Yıkıcı enerji devasa koruyucu ağın üzerine indiğinde ağ şiddetli bir şekilde sallandı ve anında karardı. Sadece bu da değil, ağı oluşturan kılıç ışınlarının birçoğu da her an parçalanacakmış gibi çatlama işaretleri gösteriyordu.
Xia klanının üyeleri ağın teslim olmak üzere olduğunu gördüklerinde şok oldular.
“Neler oluyor?!”
“Lord Duan bile bunu durduramadı mı?!”
“Beklemek! Bu, Lord Duan’ın zaman kanunundaki kopyası, değil mi?”
Aynı zamanda herkes düşmanın yedinci seviyedeki üstün bir güç merkezi olduğunu belli belirsiz tahmin ediyordu. Ayrıca düşmanın muhtemelen Güneş Parlak Dünyasından Lei Hong olduğunu da tahmin edebiliyorlardı. Duan Ling Tian ve Lei Hong arasındaki düşmanlığı duymuşlardı ama Lei Hong’un Tanrıya Meydan Okuyan Dünya’da ortaya çıkacak cesarete sahip olmasını beklemiyorlardı. Sonuçta, Tanrıya Meydan Okuyan Dünyayı koruyan, yedinci seviyedeki iki yüce güç merkezi vardı. Beklenmedik bir şekilde Lei Hong gerçekten geldi ve hatta Duan Ling Tian’ın ortalıkta olmadığı bir zamanda geldi.
‘Lei Hong, Lord Duan’ın olmadığını öğrenmiş olmalı!’
Xia klanının üyelerinin kalplerinde korku yükseldi. Duan Ling Tian olmadan Lei Hong’un Xia klanını yok etmesi hiç sorun değildi.
O anda Lei Hong küçümseyerek şöyle dedi: “Duan Ling Tian, senin ikizin tek başına beni durdurmaya yetmez!

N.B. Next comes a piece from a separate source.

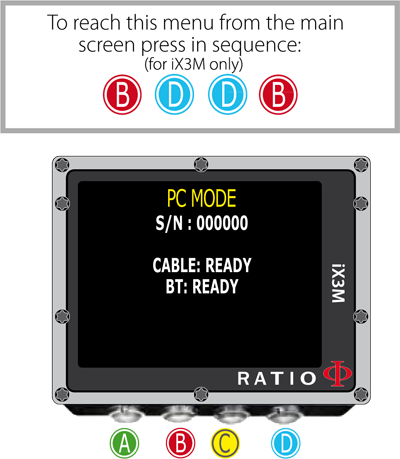 Taller móvil RATIO ToolBox 6676 PRO — Rehabilitaweb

Beni gücendirdiğin için sana bir ders vermek için bugün ikizini ve Xia klanını yok edeceğim!”
Bir sonraki anda Lei Hong ilkinden daha güçlü olan başka bir saldırı başlattı.
“Sonumuz geldi!”
Xia klanının üyeleri, düşmanın gerçekten Lei Hong olduğunu doğruladıklarında umutsuzluğa kapıldılar.

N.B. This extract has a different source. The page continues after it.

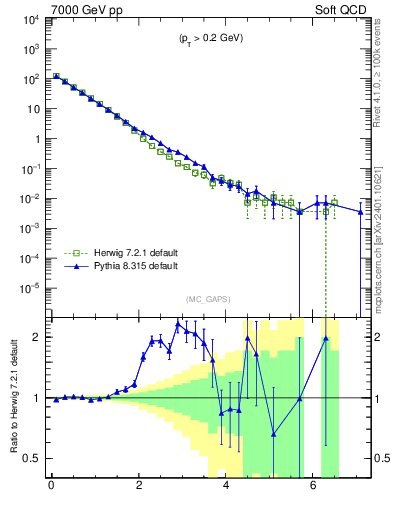 Plot of gaps_mc in 7000 GeV pp collisions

Aniden, tam kılıç ağı kırılmak üzereyken, iki gizemli enerji dalgası aniden ortaya çıktı. Daha sonra kılıç ışınlarının üzerindeki çatlaklar onarılmaya başladı. Sadece birkaç dakika içinde ağ güçlendi. İkinci saldırı geldiğinde ağ kopmadı.
Lei Hong biraz şaşırmıştı. Daha fazla araştırmaya fırsat bulamadan gökyüzünde yankılanan bir ses duydu.
“Lei Hong!”
‘Bu nasıl mümkün olabilir?! Sayısız Dünyalar’ın çok uzak bir diyarında, Dış Sınır’ın yeni yedinci seviye yüce güç merkezi Xue Qing Zhu ile tartışmıyor mu?!’

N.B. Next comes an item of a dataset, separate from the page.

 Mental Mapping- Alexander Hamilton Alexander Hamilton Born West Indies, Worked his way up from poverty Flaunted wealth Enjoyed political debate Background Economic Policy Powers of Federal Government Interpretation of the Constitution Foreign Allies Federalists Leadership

Lei Hong’un ifadesi büyük ölçüde değişti. Duan Ling Tian’ın bu kadar çabuk geri dönmesini beklemiyordu. İkinci saldırısını başlattığında hiç geri durmadı ama kılıç ağını kırmayı başaramadı. Bu, başka bir yedinci seviye yüce güç merkezinin mevcut olduğu anlamına geliyordu.
Lei Hong o anda omurgasında bir ürperti hissetti. Ona göre Duan Ling Tian, Xue Qing Zhu ile dövüşmeyi kabul ettiğinde ona tuzak kurmuştu. Duan Ling Tian’ın asıl niyetinin onu Tanrıya Meydan Okuyan Dünya’ya çekmek olması muhtemeldi. Ayrıca saldırısını engelleyen kişinin Xia klanında saklanan Meng Han olduğunu düşünüyordu!